Mit der Explosion der Kartenproduktion im 18. Jahrhundert tritt das Raumwissen in eine neue Phase.1 Im Gegensatz zu den Welt- und Kolonialmächten des 18. und 19. Jahrhunderts steht jedoch die Habsburgermonarchie, vor allem ihr östlicher Teil, zumeist nicht im Zentrum der Forschungsagenda. Vor diesem Hintergrund leisten Reinhard Johler und Josef Wolf einen wertvollen Forschungsbeitrag. Die 20 Beiträge des Werkes, die von deutschen, ungarischen, rumänischen und kroatischen Forscherinnen und Forschern geschrieben wurden, machen für das wissenschaftliche und deutschsprachige Publikum eine repräsentative Übersicht dieser wenig bekannten Geschichte verfügbar. Der Sammelband vermittelt nicht nur die lokale Version eines Gesamtprozesses. Denn er begrenzt sich eben nicht auf das Kartenobjekt an sich, sondern richtet seine Aufmerksamkeit auch auf andere Wissensformate, wie Landesbeschreibungen, Kataster, Grundbücher und statistische Tafeln. Die Problematik des Buchs ist eng mit der Schaffung eines einheitlichen bzw. homogenen Raums des habsburgischen Staates verbunden. Die Steuerungs- wie auch die Wissenspraxis wird im regionalen, territorialgeschichtlichen und machtpolitischen Kontext analysiert.

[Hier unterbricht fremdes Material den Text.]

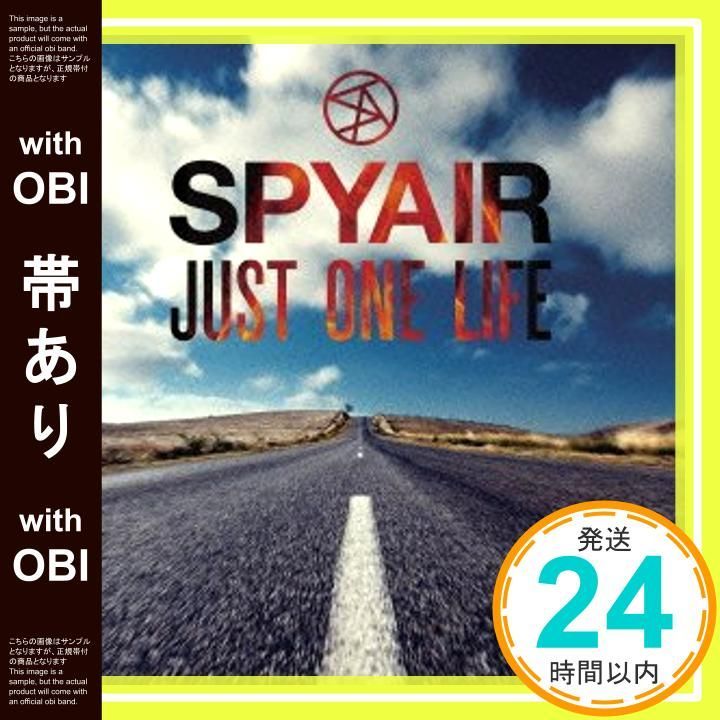 帯あり JUST ONE LIFE CD SPYAIR_07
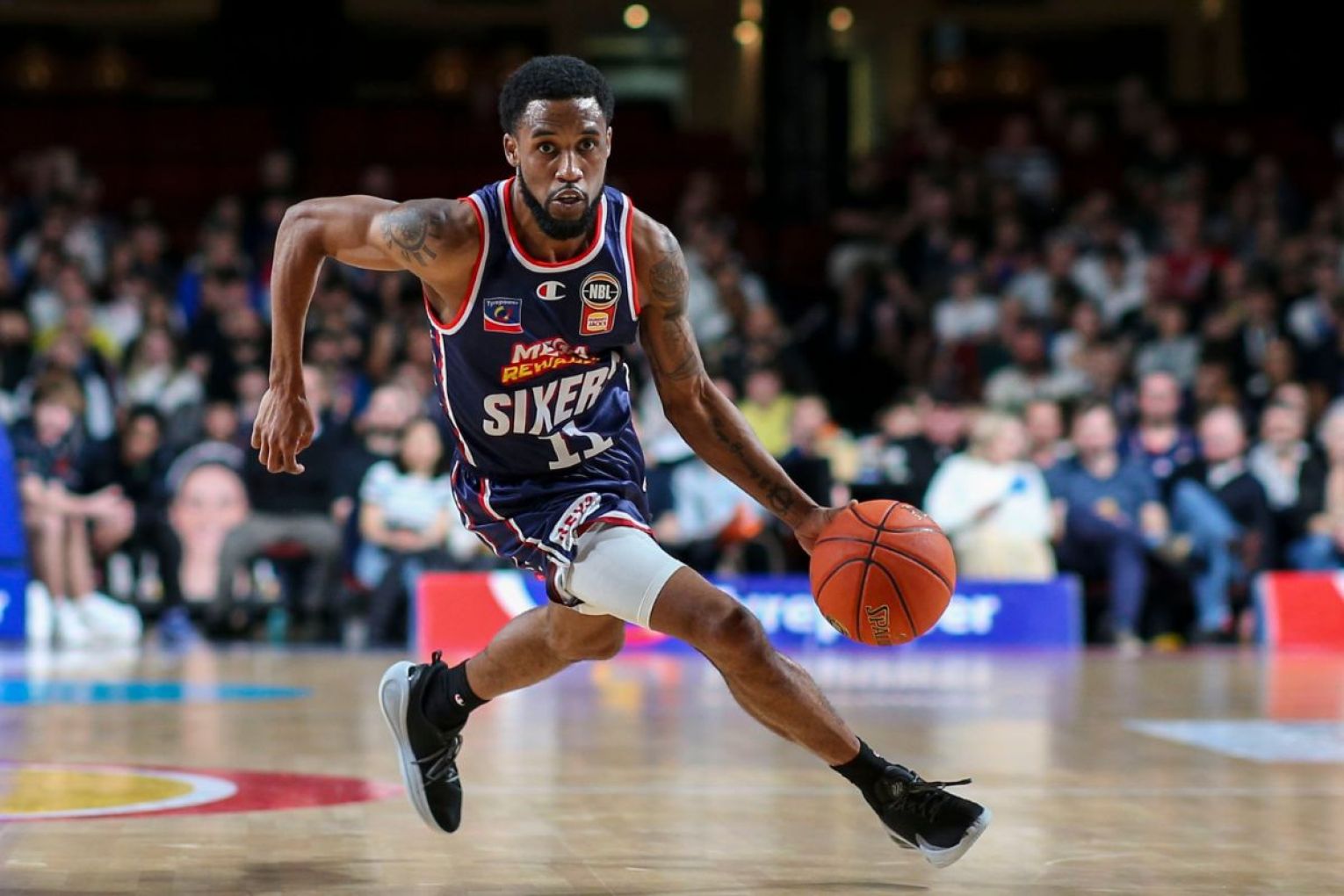 Bryce Cotton top-scored with 36 points to help Adelaide beat his former side, the Perth Wildcats. Photo: Matt Turner/AAP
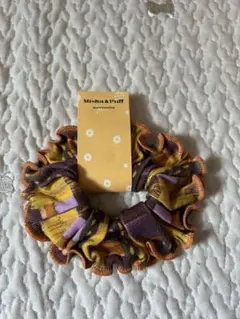 Misha & Puff フリルシュシュ チェック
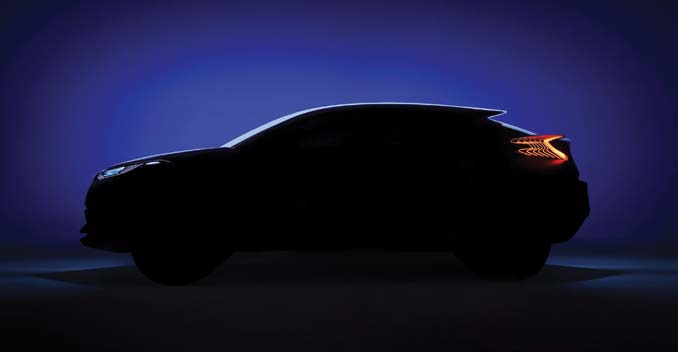 Toyota Teases New Crossover Concept Ahead of Paris Motor Show Debut Toyota Teases New Crossover Concept Ahead of Paris Motor Show Debut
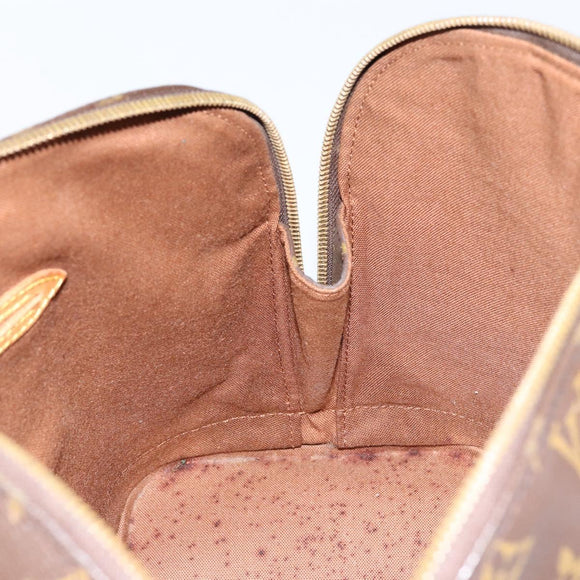 LOUIS VUITTON Monogram Alma Hand Bag M51130 LV Auth gh1312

Die Einführung der beiden Herausgeber legt – gemeinsam mit dem ersten Artikel von Peter Becker – die theoretischen Leitlinien des Forschungsprojekts. Die Untersuchung des Raumwissens im Zusammenhang mit Formen der modernen Staatlichkeit ist stark von den erkenntnistheoretischen – und nicht immer kompatiblen – Perspektiven von Henri Lefebvre, Michel Foucault, Pierre Bourdieu, Bruno Latour und James Scott geprägt. Die Standardisierungstendenzen der Bevölkerungsbeschreibung und der Raumwahrnehmung im Dienst der frühneuzeitlichen Regierung stehen im Vordergrund. Im habsburgischen Kontext sollte es hier aber keinen entscheidenden Bruch mit der traditionellen kartographischen Praxis geben; es lassen sich allerdings mehrere Wendepunkte im Band identifizieren: Die Eroberung und die Neuordnung des osmanischen Ungarns ab dem Ende des 17. Jahrhunderts, die Neugestaltung und Disziplinierung der Militärgrenze Mitte des 18. Jahrhunderts sowie Herrschaftsexperimente und Urbarien-Reformen unter Maria-Theresia (1740–1780) stellen derartige Neuerungen dar. Ebenso sind die josephinischen Regierungsexperimente (1780–1790), die Institutionalisierung der Staaten- und Volkskunde in der ersten Hälfte des 19. Jahrhunderts sowie die in Bezug auf den Staat wie auch die internationalen Wissenschaftskongresse zentralisierte Konzeption der statistischen Wahrnehmungsmittel ab den 1860er-Jahren weitere Wendepunkte. Die Beiträge sind thematisch in drei Teile gegliedert und chronologisch innerhalb eines Teiles geordnet.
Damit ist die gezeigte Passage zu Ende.